§ **TASK DIRECTIONS**: Taking the line with "Photo of workers in a clothes factory" as the first and the line with "Grüne Eckcouch, Holztisch" as the last, set down exactly every line in that range from the entries below, and no more.
DATA RECORDS Start Marker
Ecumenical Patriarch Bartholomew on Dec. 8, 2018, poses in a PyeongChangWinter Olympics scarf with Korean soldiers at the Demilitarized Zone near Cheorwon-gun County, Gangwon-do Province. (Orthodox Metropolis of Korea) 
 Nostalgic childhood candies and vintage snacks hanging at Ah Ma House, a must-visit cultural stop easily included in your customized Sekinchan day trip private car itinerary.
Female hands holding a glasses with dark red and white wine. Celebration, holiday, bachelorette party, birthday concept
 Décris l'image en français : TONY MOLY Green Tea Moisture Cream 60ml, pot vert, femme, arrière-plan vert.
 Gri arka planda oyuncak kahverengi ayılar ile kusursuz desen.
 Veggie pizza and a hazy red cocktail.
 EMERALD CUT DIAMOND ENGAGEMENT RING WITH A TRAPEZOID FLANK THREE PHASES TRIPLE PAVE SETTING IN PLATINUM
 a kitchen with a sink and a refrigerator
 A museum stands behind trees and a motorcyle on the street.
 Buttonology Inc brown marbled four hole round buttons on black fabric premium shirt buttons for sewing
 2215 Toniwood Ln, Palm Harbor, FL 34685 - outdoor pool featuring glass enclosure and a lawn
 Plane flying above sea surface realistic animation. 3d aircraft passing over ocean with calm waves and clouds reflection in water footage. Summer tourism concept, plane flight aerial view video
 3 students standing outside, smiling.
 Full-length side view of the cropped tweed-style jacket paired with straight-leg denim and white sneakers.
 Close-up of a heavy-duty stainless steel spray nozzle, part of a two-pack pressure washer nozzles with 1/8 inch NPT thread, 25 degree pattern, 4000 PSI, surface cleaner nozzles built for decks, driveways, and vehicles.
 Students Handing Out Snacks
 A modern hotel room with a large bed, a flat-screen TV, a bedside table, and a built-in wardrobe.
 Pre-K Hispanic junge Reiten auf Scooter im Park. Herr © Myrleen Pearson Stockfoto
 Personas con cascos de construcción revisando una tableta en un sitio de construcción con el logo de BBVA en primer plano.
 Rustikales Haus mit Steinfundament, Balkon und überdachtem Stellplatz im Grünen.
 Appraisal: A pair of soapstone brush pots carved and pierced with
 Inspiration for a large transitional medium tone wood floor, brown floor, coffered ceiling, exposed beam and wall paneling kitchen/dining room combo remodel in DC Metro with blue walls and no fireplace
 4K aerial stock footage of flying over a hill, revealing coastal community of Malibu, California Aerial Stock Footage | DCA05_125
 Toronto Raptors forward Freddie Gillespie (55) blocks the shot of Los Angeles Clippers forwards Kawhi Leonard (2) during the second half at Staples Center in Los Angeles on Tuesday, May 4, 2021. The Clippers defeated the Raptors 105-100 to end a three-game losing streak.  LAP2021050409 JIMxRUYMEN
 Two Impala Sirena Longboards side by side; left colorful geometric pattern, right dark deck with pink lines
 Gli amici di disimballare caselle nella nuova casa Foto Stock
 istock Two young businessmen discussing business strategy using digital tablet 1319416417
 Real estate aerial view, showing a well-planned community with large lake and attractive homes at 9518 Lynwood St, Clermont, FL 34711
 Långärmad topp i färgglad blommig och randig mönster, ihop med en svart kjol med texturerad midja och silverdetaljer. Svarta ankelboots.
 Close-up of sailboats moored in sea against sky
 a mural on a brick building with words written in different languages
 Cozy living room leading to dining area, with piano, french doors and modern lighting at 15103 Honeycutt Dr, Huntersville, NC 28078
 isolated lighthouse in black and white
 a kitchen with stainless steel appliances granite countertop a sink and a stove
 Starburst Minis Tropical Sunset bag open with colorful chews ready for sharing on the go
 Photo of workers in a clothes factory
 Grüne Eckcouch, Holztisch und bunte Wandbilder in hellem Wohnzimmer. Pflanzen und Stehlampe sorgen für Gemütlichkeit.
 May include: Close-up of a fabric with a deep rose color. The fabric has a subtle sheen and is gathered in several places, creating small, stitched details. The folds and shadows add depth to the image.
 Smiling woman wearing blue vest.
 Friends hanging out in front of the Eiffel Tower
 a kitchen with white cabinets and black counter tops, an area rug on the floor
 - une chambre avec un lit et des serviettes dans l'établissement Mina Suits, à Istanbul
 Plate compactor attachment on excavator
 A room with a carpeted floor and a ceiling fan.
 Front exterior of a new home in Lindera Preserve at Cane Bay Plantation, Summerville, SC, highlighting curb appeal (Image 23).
DATA RECORDS End Marker
§ **RESPONSE**:
 Photo of workers in a clothes factory
 Grüne Eckcouch, Holztisch und bunte Wandbilder in hellem Wohnzimmer. Pflanzen und Stehlampe sorgen für Gemütlichkeit.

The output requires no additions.